> _What the task requires_: Lines in which "Para" appears should be pulled from the data below.

Records from a data source:

%%

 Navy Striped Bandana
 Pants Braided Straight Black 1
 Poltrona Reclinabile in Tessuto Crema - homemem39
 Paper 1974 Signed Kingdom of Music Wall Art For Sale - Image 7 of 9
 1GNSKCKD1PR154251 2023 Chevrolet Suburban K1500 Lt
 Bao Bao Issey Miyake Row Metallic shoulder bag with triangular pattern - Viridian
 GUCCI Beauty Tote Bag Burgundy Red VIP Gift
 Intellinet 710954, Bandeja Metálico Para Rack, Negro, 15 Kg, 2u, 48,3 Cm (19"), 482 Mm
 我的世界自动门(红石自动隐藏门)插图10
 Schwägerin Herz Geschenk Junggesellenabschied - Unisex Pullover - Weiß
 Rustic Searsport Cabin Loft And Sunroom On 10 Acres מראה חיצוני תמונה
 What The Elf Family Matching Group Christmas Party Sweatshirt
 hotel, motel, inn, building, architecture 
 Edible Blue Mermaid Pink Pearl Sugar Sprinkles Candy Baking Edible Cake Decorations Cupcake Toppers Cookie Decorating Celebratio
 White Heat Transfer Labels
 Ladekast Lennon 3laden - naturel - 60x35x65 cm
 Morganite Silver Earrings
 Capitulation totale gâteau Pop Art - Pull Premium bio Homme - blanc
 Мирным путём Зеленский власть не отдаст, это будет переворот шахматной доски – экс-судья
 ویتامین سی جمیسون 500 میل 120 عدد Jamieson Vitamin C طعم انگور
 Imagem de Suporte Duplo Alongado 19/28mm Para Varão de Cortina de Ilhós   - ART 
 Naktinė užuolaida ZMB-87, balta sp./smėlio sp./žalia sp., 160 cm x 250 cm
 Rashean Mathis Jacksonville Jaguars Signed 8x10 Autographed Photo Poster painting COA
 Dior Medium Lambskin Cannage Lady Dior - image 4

%%

> _Output for this exercise_:
 Intellinet 710954, Bandeja Metálico Para Rack, Negro, 15 Kg, 2u, 48,3 Cm (19"), 482 Mm
 Imagem de Suporte Duplo Alongado 19/28mm Para Varão de Cortina de Ilhós   - ART 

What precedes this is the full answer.